Last week, a friend sent me an email with some texts he wanted my feedback on. The email was titled “Every reader thinks that he’s a poet,” which I thought was lovely. This sentence got stuck in my head. Is he right?

Of course there are people who enjoy reading very much who’d never think about putting pen to paper themselves. But I do see some sort of correlation between friends who read and friends who write. Of course an interest in both seems logical: when you’re interested in writing narratives, you’re probably also interested in how other people do this, so you read their books. However, the skills are very dissimilar. Reading can be a very passive activity, whereas writing requires huge amounts of creativity. We all learn to read, but only some of us have the ability to write.

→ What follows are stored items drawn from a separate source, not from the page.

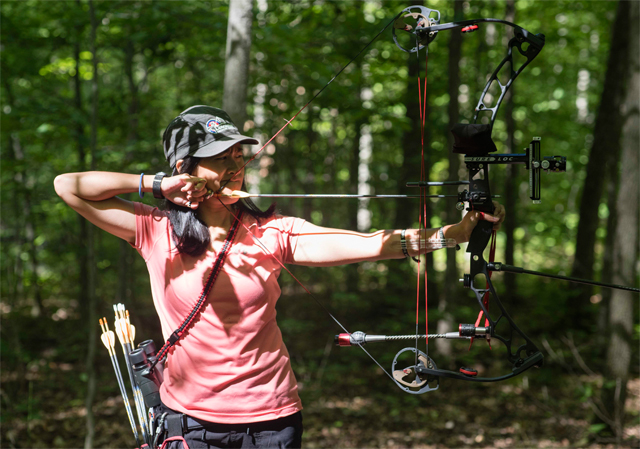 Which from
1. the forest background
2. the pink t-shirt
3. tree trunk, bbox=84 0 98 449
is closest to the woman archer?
the pink t-shirt

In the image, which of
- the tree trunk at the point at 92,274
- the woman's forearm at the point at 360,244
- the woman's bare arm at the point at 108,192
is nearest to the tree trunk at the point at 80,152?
the tree trunk at the point at 92,274

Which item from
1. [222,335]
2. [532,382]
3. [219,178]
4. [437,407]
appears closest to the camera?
[222,335]

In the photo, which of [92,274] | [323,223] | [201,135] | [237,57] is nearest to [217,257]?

Many of my friends write, and they all have a very different attitude to reading. Some read ten books a month, some read books on how to write, some read a very different genre from the one they write, some just don’t read that much. But no matter how much or little they read, they all relate to the books they’ve read in one way or another. Maybe my friend’s quote is true, because we put writers on a pedestal. We have these romantic ideas of writers and poets as eccentric people writing at night, bursting with creativity, producing something we adore, and we want to be like them. I’d love to be able to be a full-time writer, and maybe the ideas we have about this bohemian lifestyle of writers is part of that longing.

But are these ideas so wrong? Maybe we have a flawed idea of what being a writer is all about, but maybe we need that idea. Putting your writing out there can be incredibly scary and maybe the idea of being rewarded with this romantic life is what helps us take the leap. If we’d focus on all the crap with negotiating your royalties, reaching deadlines, arguing with editors, getting shot down we’d be too terrified to even consider publishing. Maybe we need the hope of maybe, someday, being called a writer or a poet.